My current tanks are only 3 gallons, and being used to grow enough plants to stock a 40 breeder that is going to be the centerpiece of a spare wall in my living room. I've been looking at a particular model of CO2 injection which accepts the CO2 tanks used for paintball. That should make it easier to find somewhere to re-fill the tanks. This is still in the planning stages, but livestock will consist mostly of a large colony of as yet undecided shrimp and a small school of top/mid water tetra. Will not be a great deal of nitrate from livestock. I've also been comparing the various substrates, but haven't decided about that yet either. This is really something that I am planning for late summer when it's too hot to go outside.

The problems I'm having now are a bit more pressing as I don't want to lose the plants I have. Since posting the original question, I've been doing water changes in the outside tanks at a rate of 50% every 2 days from aquarium water. The NO3 in the tank being used as a water source ranges from 5-10 ppm and apparently isn't enough for the extreme amount of light that they are getting.
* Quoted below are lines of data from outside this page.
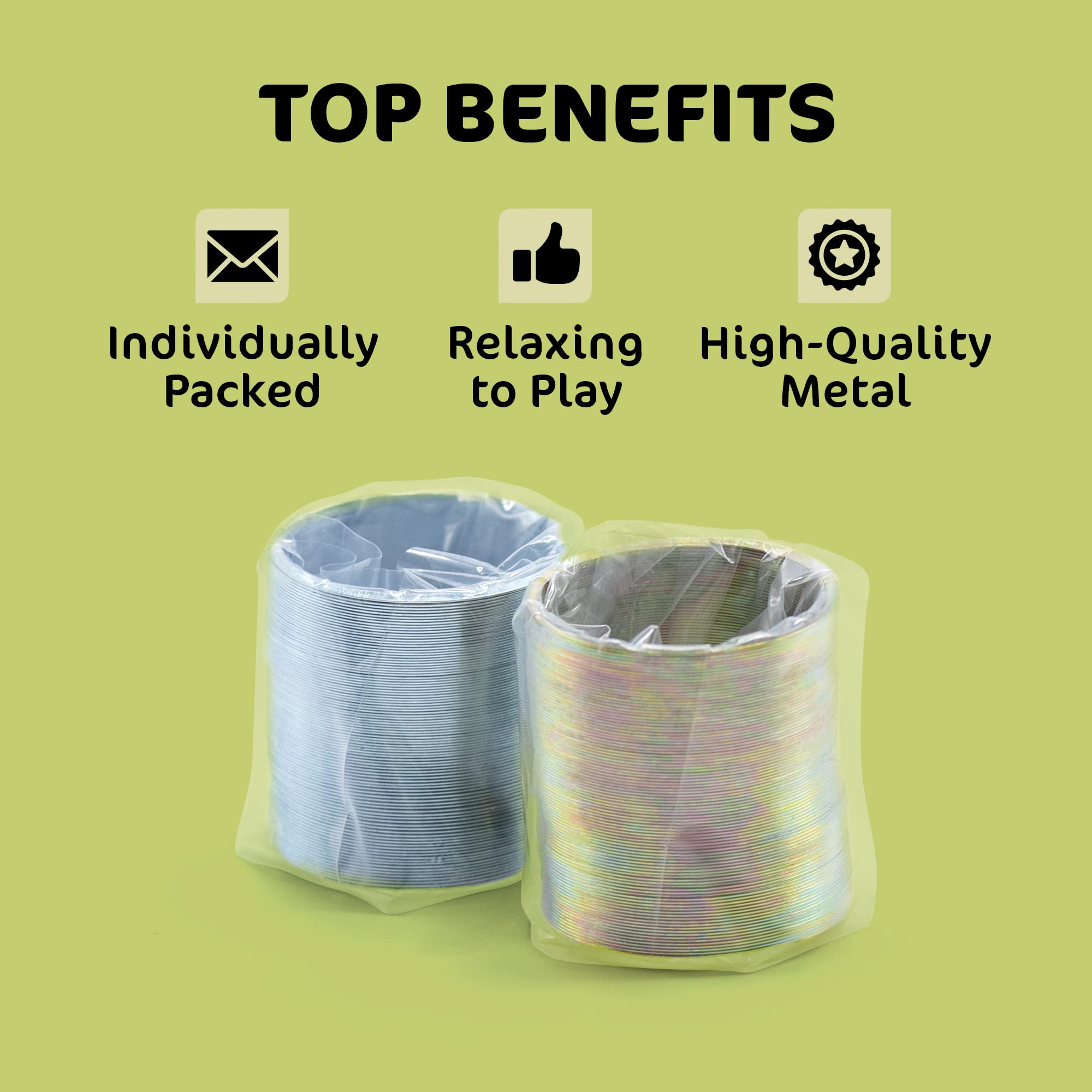Srenta durable metal coil spring resists rough play.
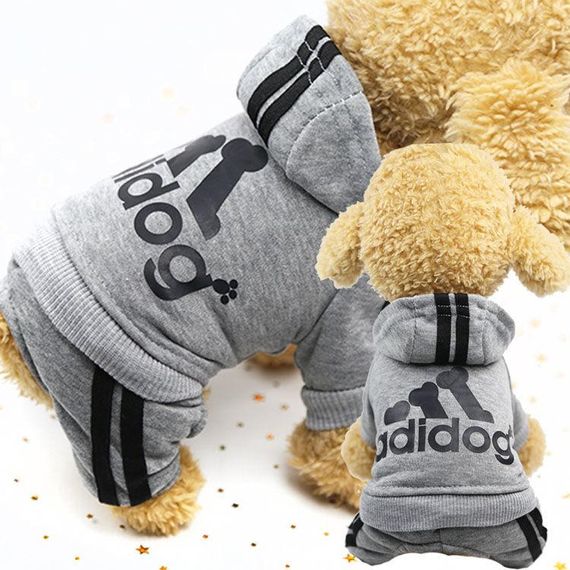 Костюм спортивний для собак Adidog Cірий S | Зображення 5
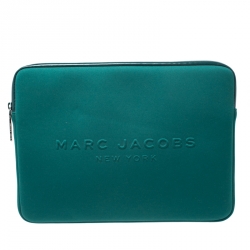 Marc Jacobs Green Embossed Neoprene Laptop Case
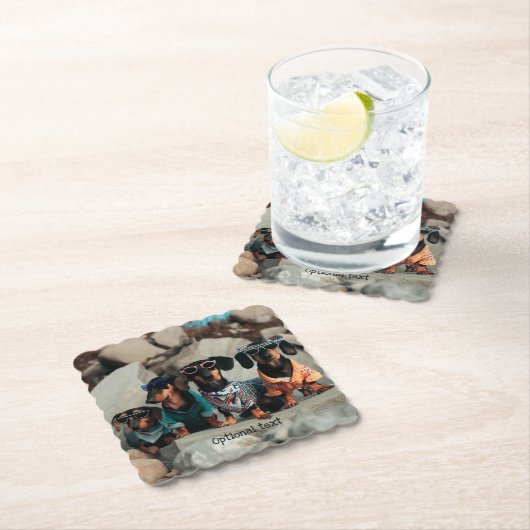 Rock klimmen Dachshunds Drink Coasters Kartonnen Onderzetters (Insitu)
On the fertilizer site you listed, I am looking at the pre-mix since that seems to have a good mix of everything listed except iron. I know that some chemicals have the response in plants to limit the uptake of other nutrients. Is that something that I need to be concerned with when figuring the dose for these tanks? Also, iron chelate is available on the site and isn't really mentioned in what I've read today. I know that my water is low in iron (0.5ppm), but don't know what my target level should be.

Thanks,

Larry Vires


----------



## Damon (Jan 18, 2005)

For your current tanks, the pre-mix would work. But if you go larger (20+ gallons) you will find it frustrating. You will want to add PO4 but not No3 at times and vice versa. Not to mention K. Its easier to buy them seperately because the needs for one tank will not be the same for others depending on species of plant (which can affect uptake rates), lighting, plant mass, substrate and co2 levels.


----------



## girth vader (Apr 24, 2006)

I agree with Damon regarding the pre mix as opposed to dosing separately. In terms of your FE it sounds like you're blessed with nice levels from the tap, and if you are on a 50% bi daily regimen then you are keeping that level. I would order min shipping quantities to get you through the summer a stock up when you are ready to fill the 40 breeder. I'll keep my eye out for a good deal on a CO2 reg and let you know. Much better then going the paintball route as some manufacturers use oils in the canisters which can be fatal in the tank. And the red sea units are as expensive as beer keg CO2 regs and not the same quality. Red Sea regs tend to slip over time as they use inferior parts. 
It's a lot of hit and miss for the first little while but once you get homeostasis it's worth the early frustration.


----------



## Anonymous (Jan 15, 2005)

It's really not all that frustrating aside from waiting on a response to order the fertilizer. It is a bit confusing since I'm used to following a "set in stone" method for my tanks. I'm sure that I'll get a routine for the testing and dosing once everything is more established. Right now, while trying to force growth, it's a bit more touch and go.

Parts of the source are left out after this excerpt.